= Judiciary of Anambra State =

The Judiciary of Anambra State in Nigeria comprises the Anambra State High Court as the state highest court and many lower courts. The judiciary is the third arm of the Anambra State Government and it is headed by a Chief Judge who is also the Chairman of the Anambra State Judicial Service Commission.

==History==
The Anambra State Judiciary is the third arm of the government of Anambra State. It was established on 27 August 1991 following the creation of the state. The Judiciary consists of the Anambra State High Court of Justice, the Magistrate Court of Anambra State, the Customary Courts of Anambra State and the Judicial Service Commission of Anambra State.
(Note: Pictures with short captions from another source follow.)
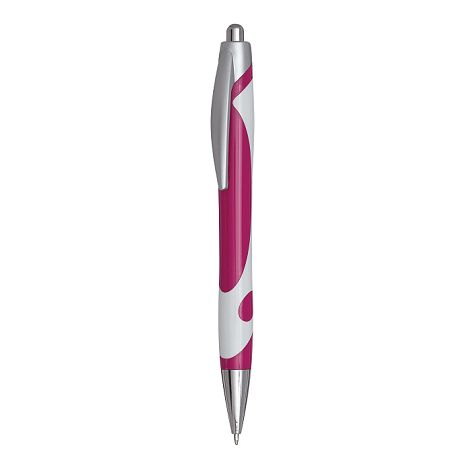 Stylo MODERN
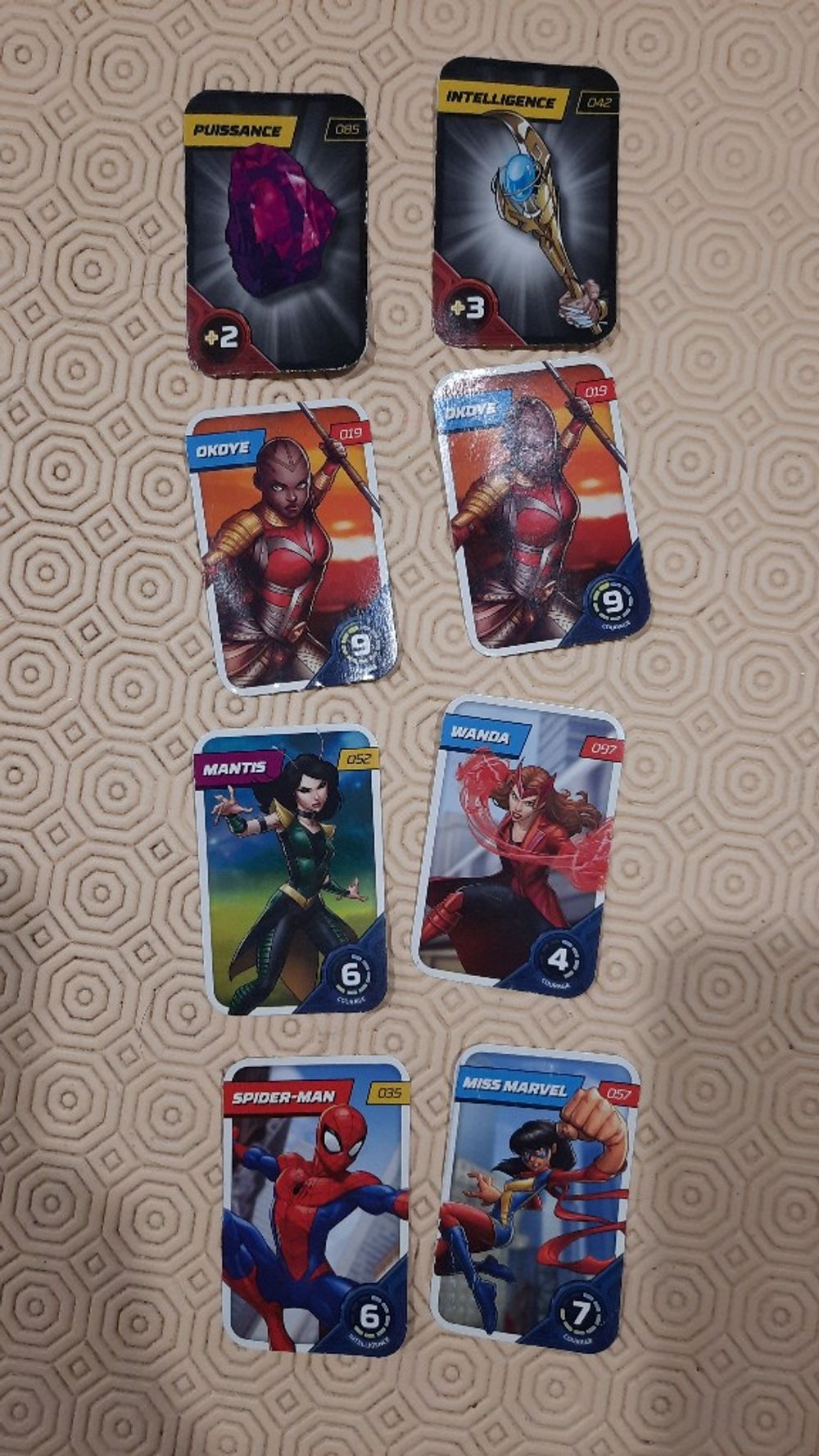 Image item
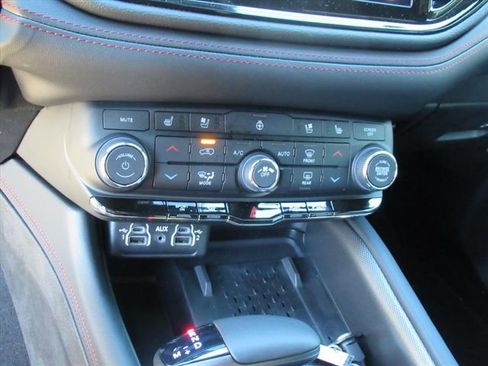 New 2025 Dodge Durango R/T image 22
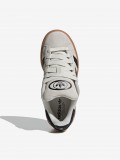 Adidas Campus 00s J Sneakers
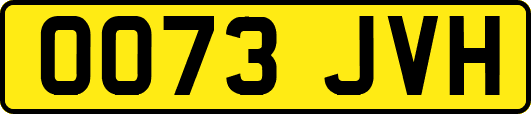 OO73JVH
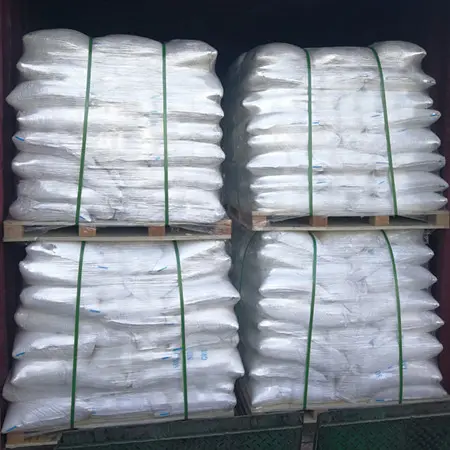 Benzoic Acid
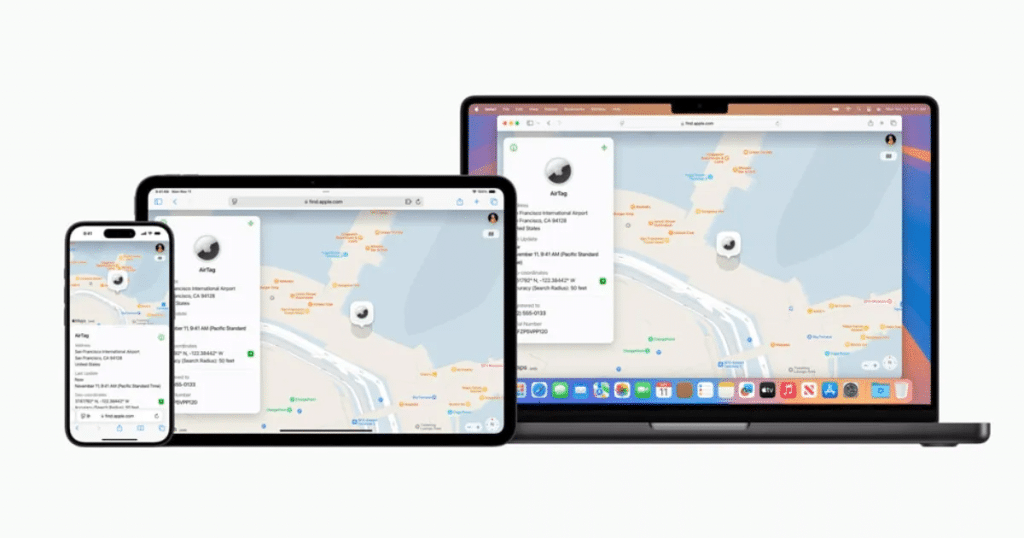 Apple: nuova fotocamera Smart Home e beta 3 di iOS 18.2 7 image 166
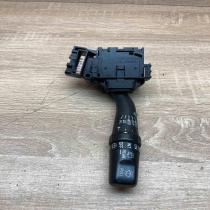 84652 05170 173821 L99 Wiper control stalk Toyota Avensis T250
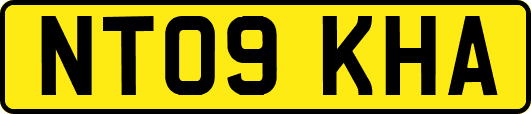 NT09KHA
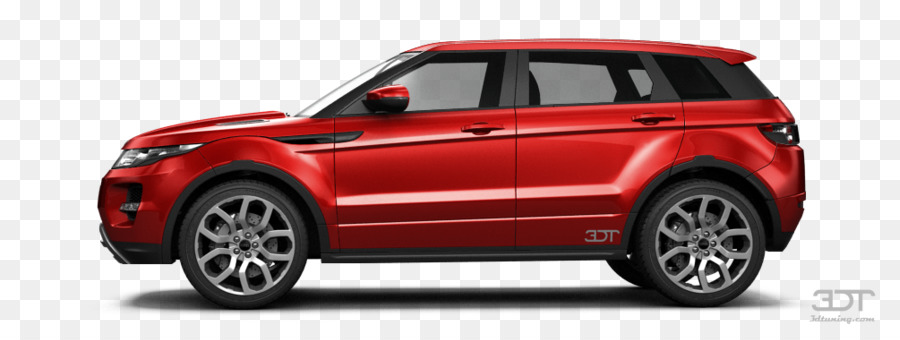 Kia，Carro PNG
They are constitutionally vested with the duty of administering the law and justice in the state level. The arm is headed by the Chief Judge of Anambra State, who is the head of courts in the state and the Chairman of the Judicial Service Commission. The Court seat and headquarters of the Judiciary is the Anthony I. Iguh High Court Complex in Awka, the state capital.

== Courts ==
=== High Court ===
The Anambra State High Court consists of a Chief Judge and ten Associate Justices of the state's ten judicial divisions. All are appointed by the Governor with the recommendation of the National Judicial Council and confirmation by the State Senate.

The High Court is the superior court of record in the state. It receives cases per the 1999 Constitution of Nigeria, as amended in 2011, from lower courts: Writ Magistrates Courts and Customary Courts. There are  thirty four Customary Courts across the twenty one Local Government Areas of Anambra State.